Section: New Results

Quantum Computing

Participants : Simon Perdrix, Quanlong Wang.

• ZX-calculus

  The ZX-calculus is a powerful diagrammatic language for quantum mechanics and quantum information processing. The completeness of the ZX-calculus is crucial: the language would be complete if any equation involving two diagrams representing the same quantum evolution can be derived using the rules of the language. While the language is known to be incomplete in general with no obvious way to add some new rules [75], two interesting fragments have been studied: the $\pi /2$ and the $\pi /4$-fragments, obtained by restricting the angles of diagrams to be multiples of $\pi /2$ and $\pi /4$ respectively.

  The $\pi /4$-fragment is approximatively universal for quantum mechanics, i.e. any quantum evolution can be approximated with an arbitrary accuracy using a diagram involving only angles multiple of $\pi /4$. The completeness of this fragment was one of the main open question in this domain. We have proved that this fragment is incomplete. We exhibit a fairly simple equation called supplementarity and we prove that this equation cannot be derived in the ZX-calculus. We propose as a consequence, to add supplementarity to the set of rules of the ZX-calculus. This result has been published at MFCS 2016 [20].

  The $\pi /2$-fragment is not universal, even approximatively. However it corresponds to the so-called stabiliser quantum mechanics, an interesting fragment of quantum mechanics.

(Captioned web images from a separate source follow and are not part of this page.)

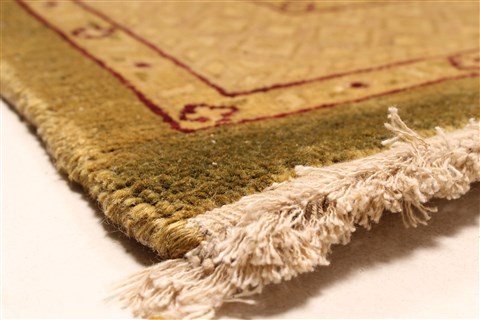Agra Beige Hand Knotted 120 X 154 Area Rug 250-28462 Image 12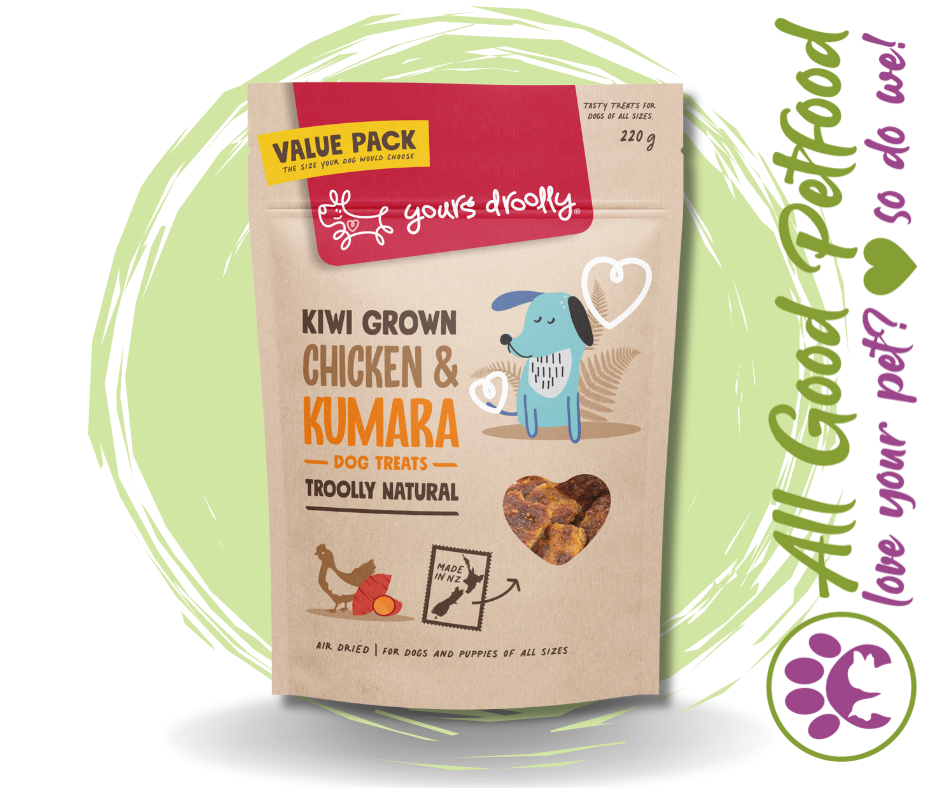 Yours Droolly Natural dog Treats - Kiwi Grown Chicken & Kumara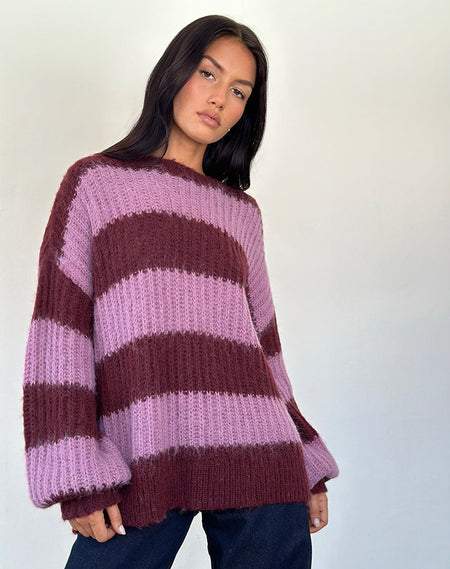 Lunet Knitted Jumper in Stripe Tonal Brown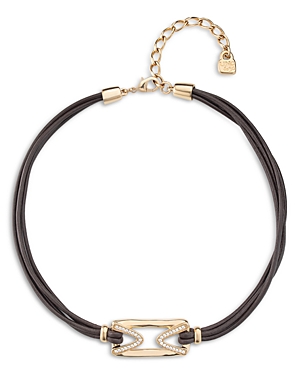 Uno De 50 The One Leather & White Topaz Necklace In 18k Gold Plated, 13.4 In Black/gold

The $pi/2$-fragment is known to be complete for stabiliser quantum mechanics [33]. We have proved recently that the rules of the language can be simplified, leading to a simpler set of axioms. Moreover we have proved that most of the remaining rules being necessary are the completeness of the $\pi /2$-fragment. This result has been published at QPL 2016 [16].

• Causal Graph Dynamics

  Causal Graph Dynamics [30] extend Cellular Automata to arbitrary, bounded-degree, time-varying graphs. The whole graph evolves in discrete time steps, and this global evolution is required to have a number of physics-like symmetries: shift-invariance (it acts everywhere the same) and causality (information has a bounded speed of propagation). We add a further physics-like symmetry, namely reversibility. This result has been presented at RC 2016 [15].